L’administration républicaine est déjà celle qui, dans l’histoire, fait le plus preuve de diversité. Mais si l’inclusion de noirs dans la machine de l’oppression a comme projet l’augmentation de l’efficacité de la machine, c’est tout sauf un progrès. Il y a plus de noirs que jamais à des postes de pouvoir, et à des places visibles. Mais il y a aussi bien plus de noirs encore qui ont été repoussés tout en bas de l’échelle sociale. Si les gens réclament la diversité dans un objectif de justice et d’égalité, c’est bien. Mais il y a aussi un modèle de diversité qui serait la différence qui ne fait pas de différence, le changement qui ne change rien. » (The Guardian – 30 Janvier 2008)
En somme, et on comprend bien la logique de classe économique qui pousse Noah à se tenir dans cette position, faire référence à une communauté noire, c’est se permettre d’être aveugle à la considérable diversité économique qui existe parmi les personnes dont la couleur de peau est ressemblante.

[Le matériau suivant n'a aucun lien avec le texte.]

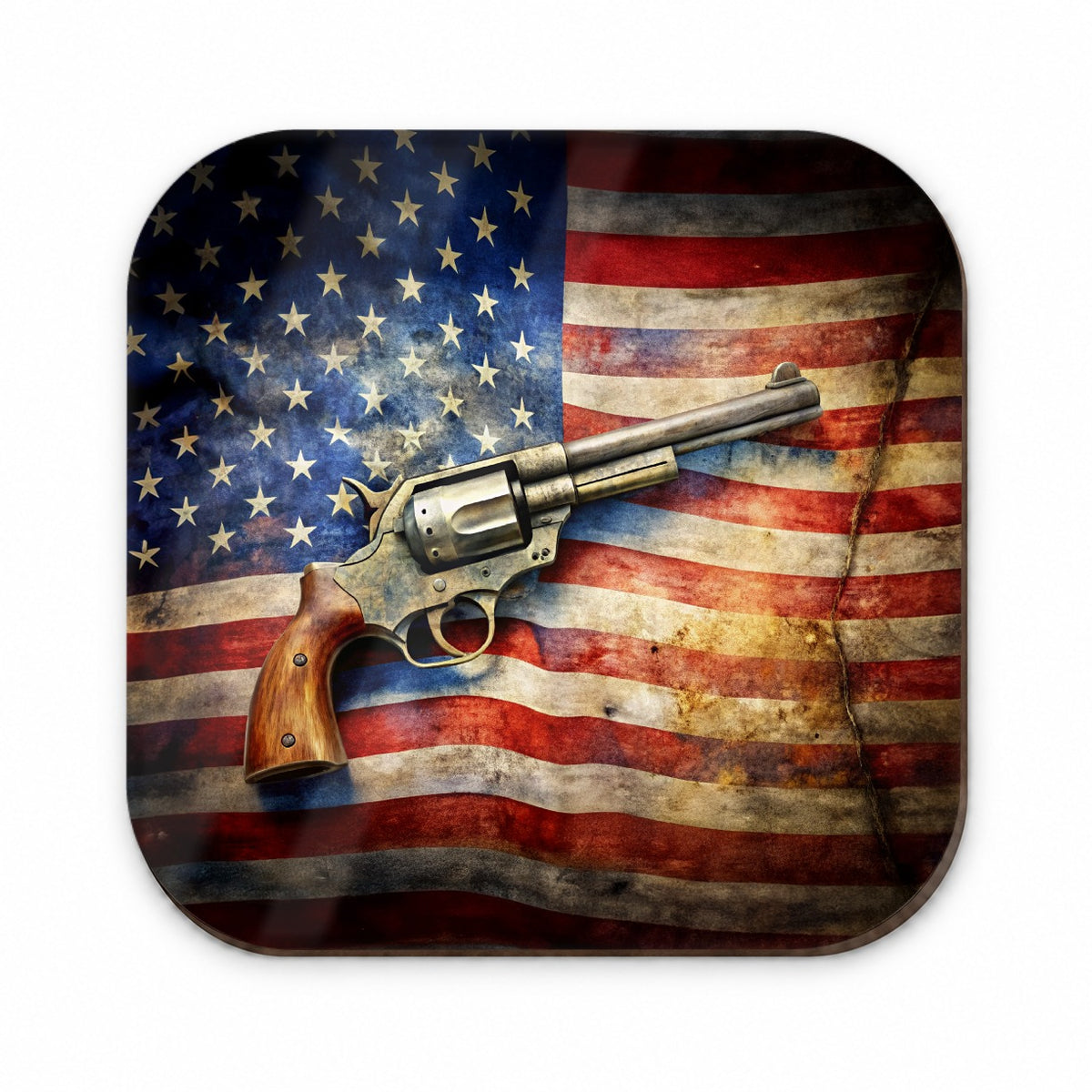 Patriotic Western Revolver With American Flag 2nd Amendment Watercolor Fridge Magnet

Et de nouveau Angela Davis tient un propos beaucoup plus net, que Noah ne reprend évidemment pas :
« On s’est habitués à penser qu’il y avait une communauté noire. Elle a toujours été hétérogène, mais on était toujours apte à se sentir comme faisant partie de cette communauté. J’irais jusqu’à dire que le racisme d’une bonne part de la classe moyenne noire envers la classe ouvrière noire n’a rien à envier au racisme des blancs envers le noir criminel. Le jeune noir en baggy qui traine dans les rues apparait tout autant comme une menace aux yeux des noirs de la middle class. Dès lors, la mobilisation des communautés noires n’est plus possible comme l’était dans le passé » (The Guardian, 8 Novembre 2007).

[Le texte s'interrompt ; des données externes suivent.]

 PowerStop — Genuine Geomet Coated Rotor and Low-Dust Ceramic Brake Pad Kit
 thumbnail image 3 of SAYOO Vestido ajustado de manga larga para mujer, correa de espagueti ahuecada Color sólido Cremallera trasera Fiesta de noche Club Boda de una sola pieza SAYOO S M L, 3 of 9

Cette distance, cette fracture sociale (réelle, celle-ci, car elle a brisé ce qui fit preuve d’unité), c’est évidemment celle que tait Noah dans son clip, parce qu’il faudrait mettre alors les pieds dans ce qui est moins télégénique et fédérateur, particulièrement en période de crise, et qu’il vaut mieux créer une unité fictive entre gens qui semblent se ressembler, que mettre le doigt sur ce qui sépare vraiment, afin d’ébaucher des bribes de solutions politiques. Et on imagine qu’il y a, dans pas mal de bars branchouilles, à la déco datée, avec des portraits d’Angela Davis réduite en simple hairdo, pur élément de style of life, un certain nombre de personnes finalement davantage liées par leur aisance économique que par leur couleur de peau, qui se font plaisir en relisant quelque vieux volumes sur les luttes passées, histoire de mieux fermer les yeux sur les combats actuels.
Parmi eux, certains sont mêmes capables de vendre cette nostalgie aveuglante. On comprend mieux pourquoi ils auraient du mal à voir en Angela Davis davantage une camarade communiste qu’une sœur noire.